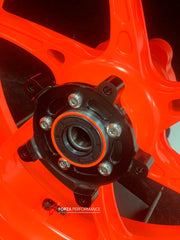 We manufacture premium quality forged motorcycle wheels rims for KTM 790 890 in any design, size, color.
Wheel sizes (motorcycle spec):
Front: 3.5 x 17
Rear: 5.5 x 17
Weight:
Front: 3.35 kg (7.38 lbs)
Rear: 4.75 kg (10.47 lbs)
Finishing: KTM Orange
Forza Performance Group engineers and manufactures each forged motorcycle wheel individually per order. This ensures precise fitment, uncompromised strength, and unique styling. Whether for racing, touring, or daily use — our wheels are built for both pe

☆ ☆ ☆

Print again the material above, limited to the lines from the one holding "Finishing: KTM Orange" through the last, inclusive.

## Task output
Finishing: KTM Orange
Forza Performance Group engineers and manufactures each forged motorcycle wheel individually per order. This ensures precise fitment, uncompromised strength, and unique styling. Whether for racing, touring, or daily use — our wheels are built for both pe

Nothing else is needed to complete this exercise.